Flower power

Brazil is the only country in the world where, for three generations, the most prized artists have been women. Jane Morris explains why

By Jane Morris

Beatriz Milhazes is Brazil’s most successful contemporary painter – although she doesn’t really paint. Instead she transfers painted shapes from plastic sheets to the canvas surface, glueing the paint down and peeling the backing away. Gradually she builds up layers of stripes, circles, slightly flaking florals – Matisse cut-outs meet the exuberance of samba. It is a painstaking process, and her Rio studio shows how much planning it takes. Acrylics are graded by size, transparent sheets marked up and pinned to canvases, flicks of colour on walls test out edgy combinations.

When Milhazes moved to the Jardim Botânico area in the 1980s, the 19th-century factory workers’ houses were almost derelict. A concrete wall covered in graffiti barely contained the neglected botanical garden. Like it, Milhazes’s superficially pretty work has an underlying whiff of decay. This combination of decoration and decadence, of European modernism mixed with Brazilian iconography, of painting that is apparently traditional but technically innovative, has brought her international attention. In 2012, “Meu Limão”, which she completed in 2000, sold for $2.1m at Sotheby’s in New York, making her the highest-priced living Brazilian artist at auction.

Top auction prices are rarely held by women: Brazil is the only country where being a female artist seems to be an advantage. Since 1995 seven artists account for the 30 top auction prices, five of them women.

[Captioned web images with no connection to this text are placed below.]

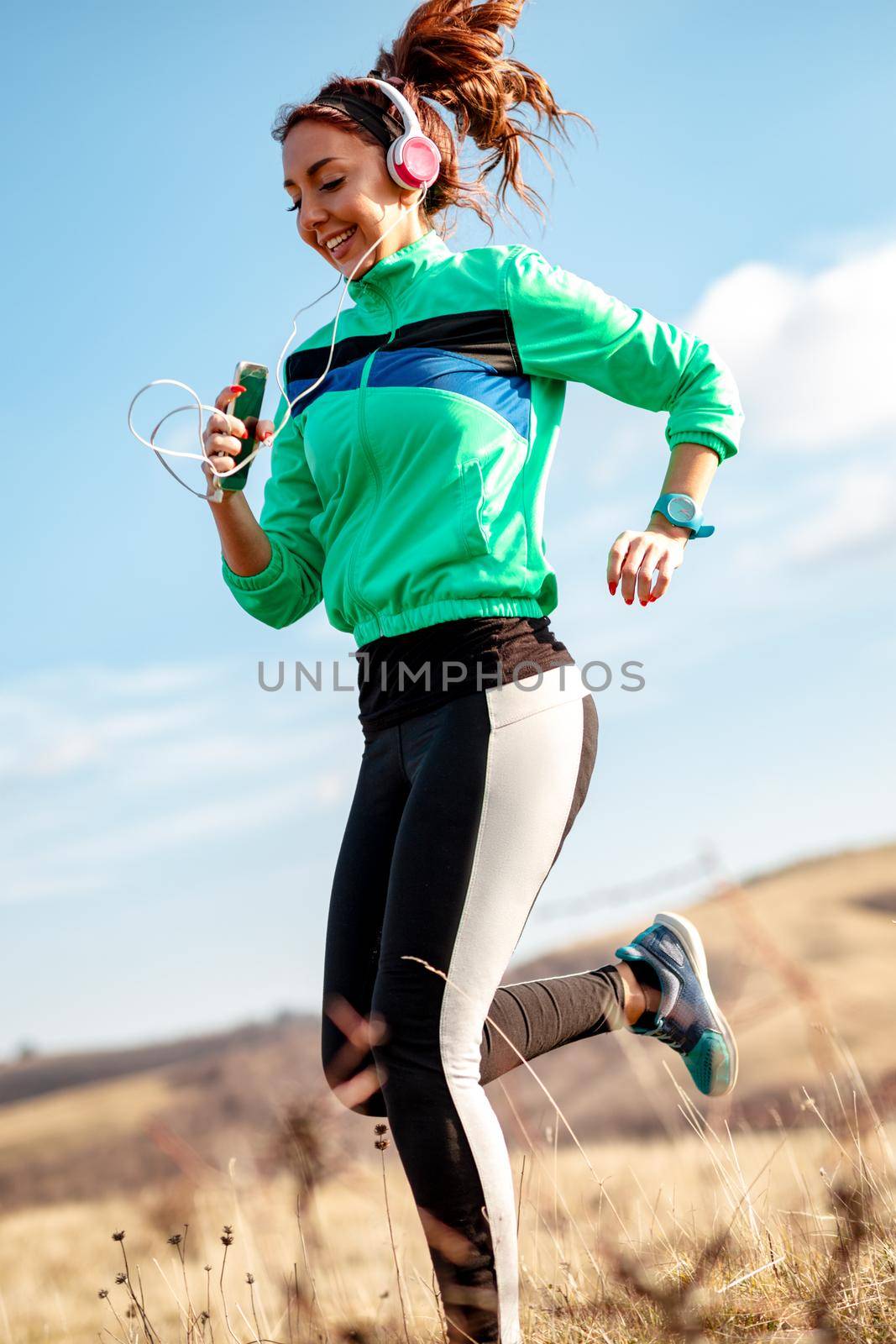 Young sporty woman with headphones jogging in the nature.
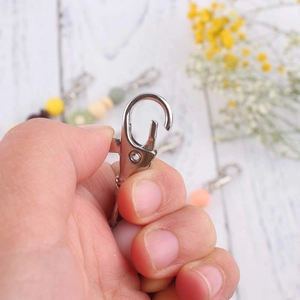 Hand holding a macaron silicone bead bracelet with metal clasp and daisy keychain charm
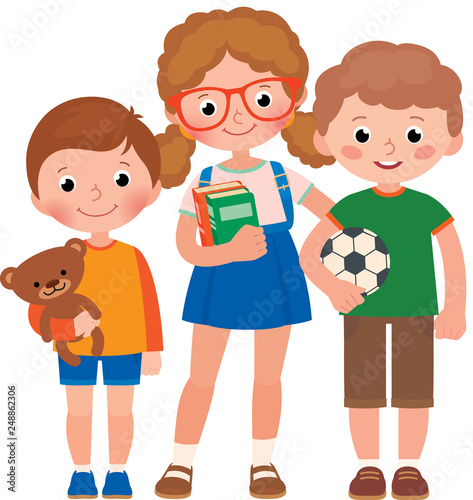 Three children, a little boys and a girl, pupils of elementary school or a preschool with a schoolbag, books and a toy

The trend has deep roots, spanning three important periods of Brazil’s art history, starting with the birth of its iconoclastic homegrown modernism. Henry Allsopp, head of Latin American art at Phillips, an auction house, calls it “unique in the world”.

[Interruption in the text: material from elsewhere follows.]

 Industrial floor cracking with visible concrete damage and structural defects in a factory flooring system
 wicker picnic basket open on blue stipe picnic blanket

It stems from the early 20th century, when a bunch of radical intellectuals known as the Grupo dos Cinco challenged Brazil’s conservative cultural establishment. Tarsila do Amaral, a member of that group, painted “Abaporu”, a surreal, primitive figure sitting in a brilliantly coloured, naive landscape (see below). Now recognised as a key image of early Brazilian modernism, it drew on folk art and indigenous imagery, rather than the male, academic tradition of the Portuguese colonial era. It sold at Christie’s New York for $1.43m in 1995, making Tarsila, as she is known, the then highest-priced Brazilian artist at auction.

Sitting pretty Tarsila do Amaral’s “Abaporu” sold at Christie’s New York for $1.43m MAIN IMAGE Beatrice Milhazes in her studio in Rio de Janeiro

When the São Paulo biennale was launched in 1951, Brazil embraced international modern art. But in the spirit of the Grupo dos Cinco, Lygia Clark refused to ape European and American art. Starting with two-dimensional painting, she moved into sculptures that other people can play with, so they become collaborators in the making of the artwork. Crucially, the artist is no longer king. In 2013 Clark’s “Contra Relevo (Objeto n.7, 1959)” sold at Phillips in New York for $2.23m, the highest price ever paid for a Brazilian work of art at auction.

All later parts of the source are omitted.